Long before the first official game of the Eagles season started, the parking lot pregaming was off to a fast start as die-hard fans decked in all manner of green proved it’s never too early to drink a beer, eat a pretzel, or toss a bean bag.
By 8:30 a.m. streets around Lincoln Financial Field were at a near standstill, as some drivers merged aggressively toward the reserved lots and others inched toward cheaper spaces farther away.
Maria and Antonio Silva, who have been tailgating since 1991, knew better than to arrive that late. The Medford couple were at the Linc by 5:30 and had their 30-foot, Go Green RV in their traditional parking space as soon as Lot K opened. By 9, they had their food and chairs ready and could kick back and start eating and drinking.
“Nobody will ever take this space away from us,” Maria Silva said.
Tony Silva manned a well-stocked grill and rotisserie while Maria mingled with guests wearing green lipstick and tall green boots, a glass of wine cradled in a green necklace-like, crocheted wine glass holder.
She had tried to go to bed early Saturday night but was too excited to sleep. It was tough to get up at 4. “We prefer 8 p.m. games," she said.
They make good time on Sunday mornings. “Our RV is equipped with lights and a siren,” she joked. “I don’t know if I’m supposed to tell you that. They’re green lights.”
She was happy to give a tour of the RV, which was, predictably, decorated from end to end in Eagles paraphernalia, including a prized photo with Eagles owner Jeffrey Lurie, who dropped by one day.
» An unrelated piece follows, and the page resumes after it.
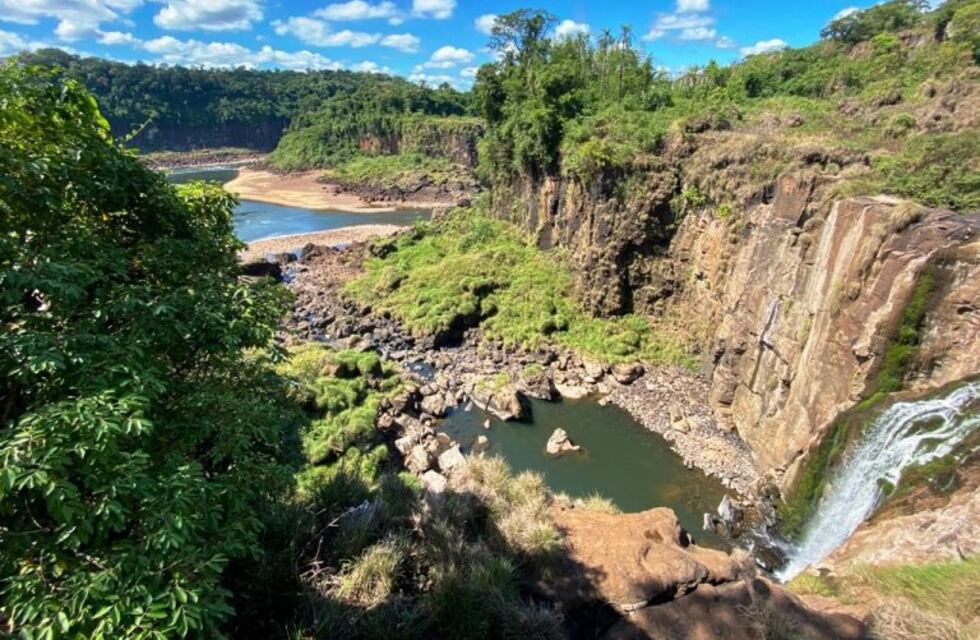 Protesta por las represas que secan a Cataratas y los ríos Paraná y Uruguay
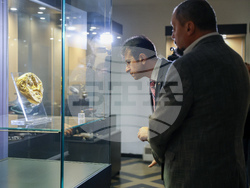 Национален археологически музей  - серия пощенски марки - тракийско наследство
The driver’s seat was draped in a Carson Wentz shirt. A Nick Foles shirt was on the passenger side.
They have to buy two season parking passes, at $350 each, for the RV, but Maria Silva doesn’t mind the price. “I love the Eagles. We love the Eagles,” she said. “Plus, the Eagles are the best tailgating team out there. … We like to have fun, and we know our football.”
Not far away, the Kosh family gathered around a smaller version of the fan tailgating dream, a small school bus painted Eagles green. It’s an appropriate vehicle for Ellen Kosh, a seventh-grade teacher at Wissahickon Middle School whose classroom is loaded with signs of Eagles fandom. Her students know, she said, that “if the Eagles lose on Sunday, they’d better hang their heads on Monday.”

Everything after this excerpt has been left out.